Dans le train à grande vitesse qui me ramène des vacances, j’ai pour voisin un petit garçon de 5 ans. Au début du voyage, il réclame de l’attention et se tourne vers sa mère assise à côté de lui. Très vite, elle lui tend un téléphone, des écouteurs et l’enfant se branche sur une plate-forme d’hébergement de vidéos au logo rouge et blanc et passe librement d’une vidéo à une autre, l’algorithme est en marche pour une diffusion désordonnée, entrecoupée de messages publicitaires, vers des contenus de plus en plus adultes. Le voyage dure 3 heures, il ne décollera plus les yeux de cet écran. Nous avons tous été témoins de ce type de scène, que ce soit dans la rue, les transports, les restaurants et, parfois même, dans les cinémas. Et peut-être que, comme moi, vous avez eu envie d’intervenir, de réagir et finalement… non.

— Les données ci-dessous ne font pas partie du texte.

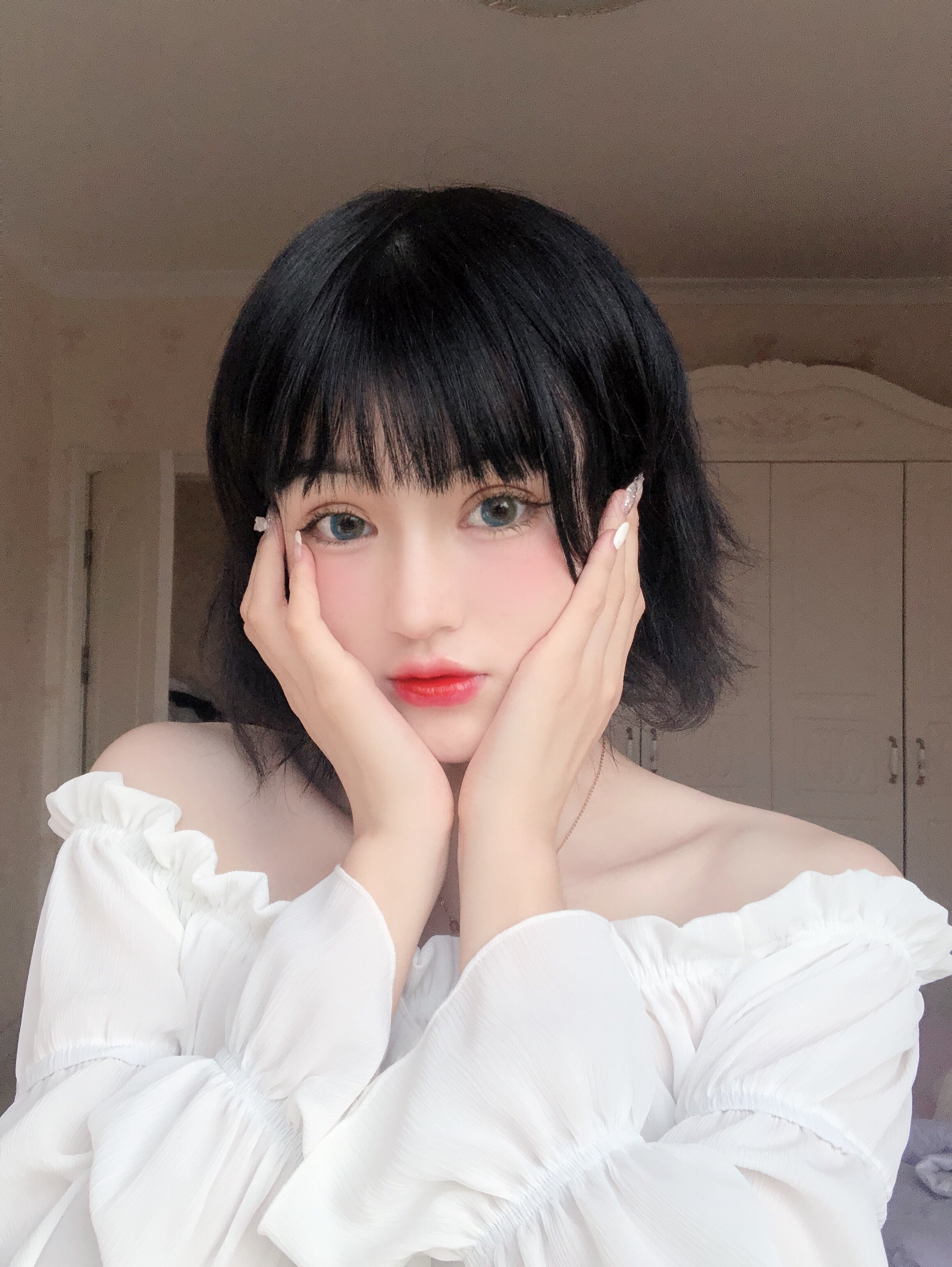 无辜大眼睛的的姑娘有一种楚楚可怜的感觉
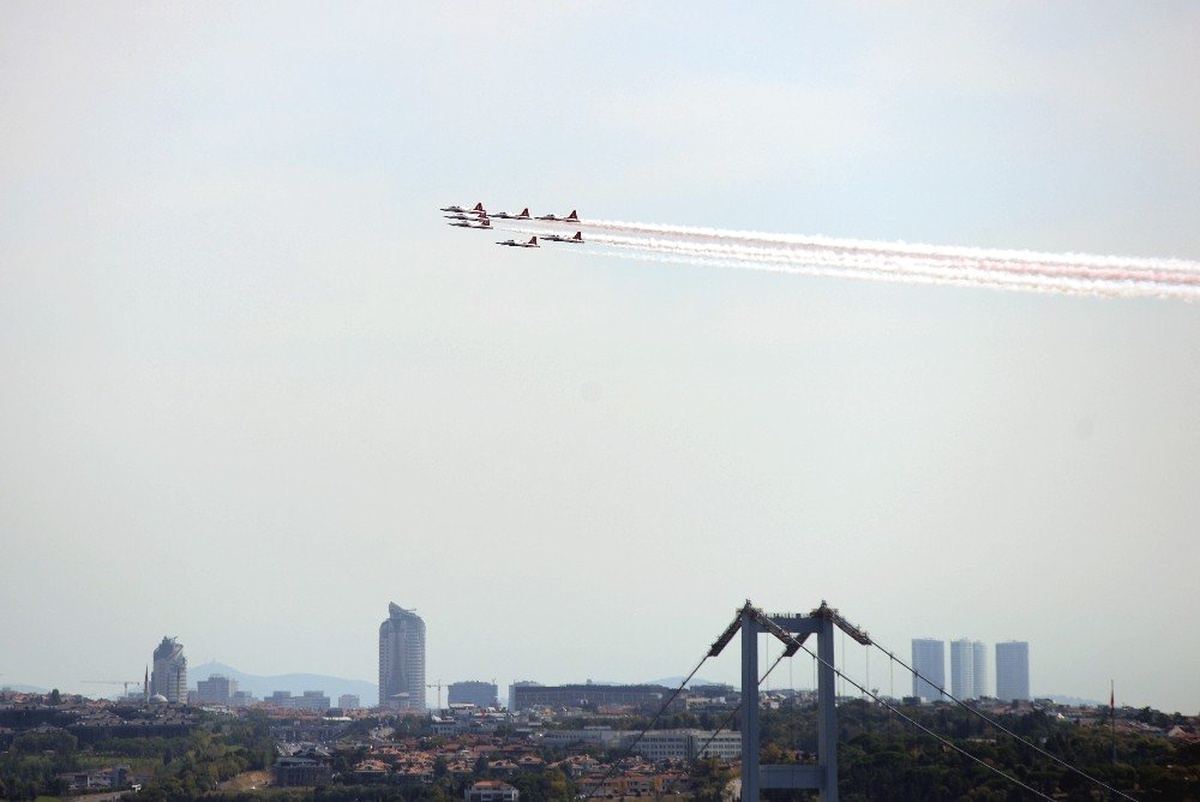 Türk Yıldızları TEKNOFEST öncesi İstanbul Boğazı\'nda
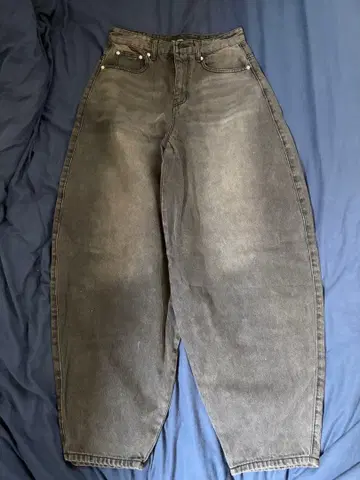 THE CROSS 다크 그레이 와이드 팬츠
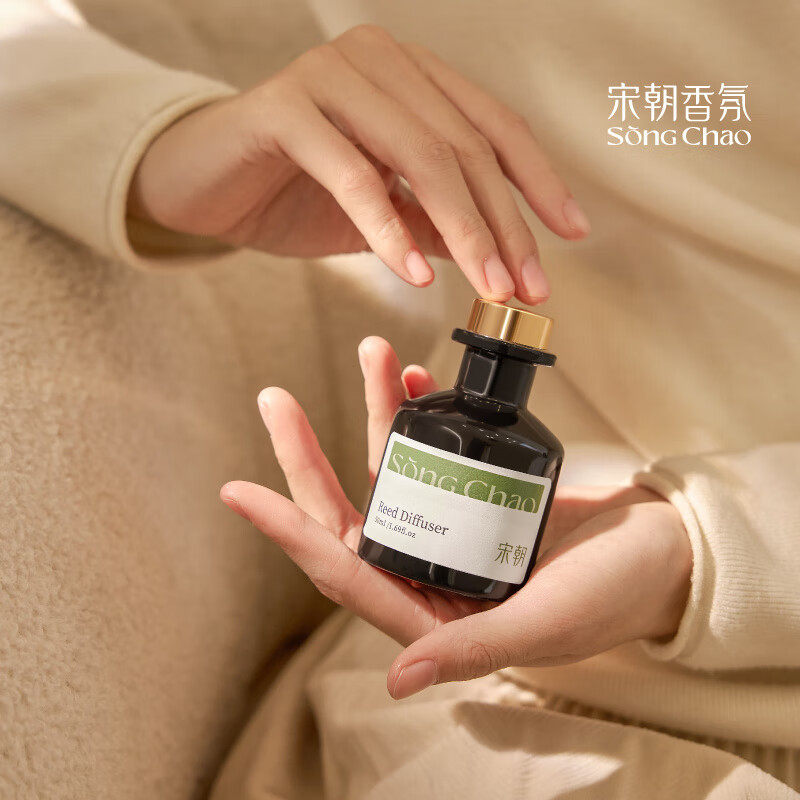 宋朝悦己系列香薰礼盒[栀子花开]无火香薰+[青松]刺绣香包+[月下桂影]护手霜+[春雨清茶]衣物香氛喷雾高清大图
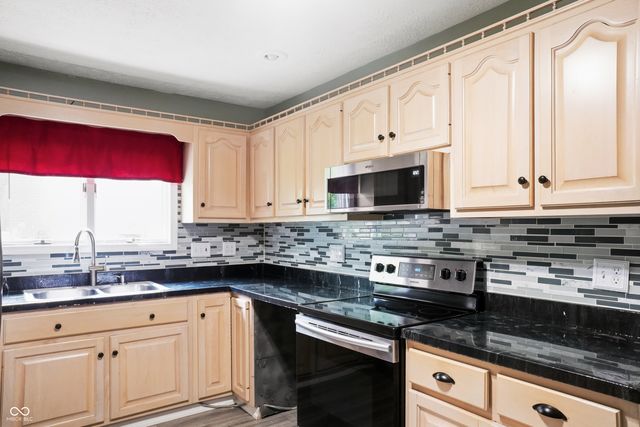 274 Golf Court, Greenwood, IN 46143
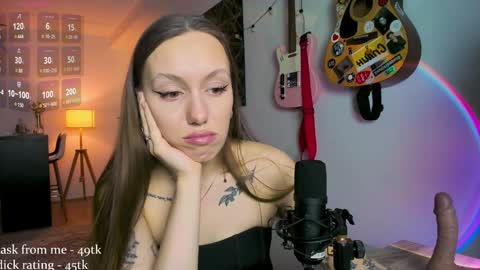 Anni if Im offline for a long time Im depressed feel free to support me offline online show from December 27, 12:23 pm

Le danger de cette fascination des enfants pour les images animées et pour les écrans, nous y réfléchissons ensemble depuis des décennies. Convaincus que le cinéma sur grand écran est la meilleure porte d’entrée aux images, nous avons collectivement multipliés les actions de soutien aux films, les médiations, les ateliers, les rencontres professionnelles, les dispositifs d’éducation aux images… Est-ce que le comportement de ce petit garçon et celui de sa mère sonnent le glas de ce travail ? Je ne le crois pas, bien au contraire. C’est aujourd’hui plus encore que notre investissement doit être fort car, face à la dématérialisation, à l’offre délinéarisée, aux plateformes gratuites ou payantes pensées exclusivement ou non pour le jeune public, visibles sur des écrans de plus en plus égotiques, les cinémas Art et Essai ont un rôle à jouer qui dépasse celui d’une simple concurrence économique. Le travail d’éducation au cinéma et aux images dont nous pouvons nous revendiquer est un enjeu majeur de société dans lequel notre rôle sera prépondérant. Prenons l’exemple du groupe jeune public de l’AFCAE, constitué il y a plus de 20 ans : il a construit un catalogue de 600 films programmés et accompagnés dans les salles du réseau ; il a mis en place des partenariats pour enrichir et mettre en avant l’action des salles (fiches pédagogiques, Ateliers Ma P’tite Cinémathèque, Festival jeune public avec l’hebdomadaire Télérama, programme adolescent avec l’Agence du Court Métrage…) et multiplié les interactions avec les associations territoriales et les autres groupes de soutien de l’AFCAE.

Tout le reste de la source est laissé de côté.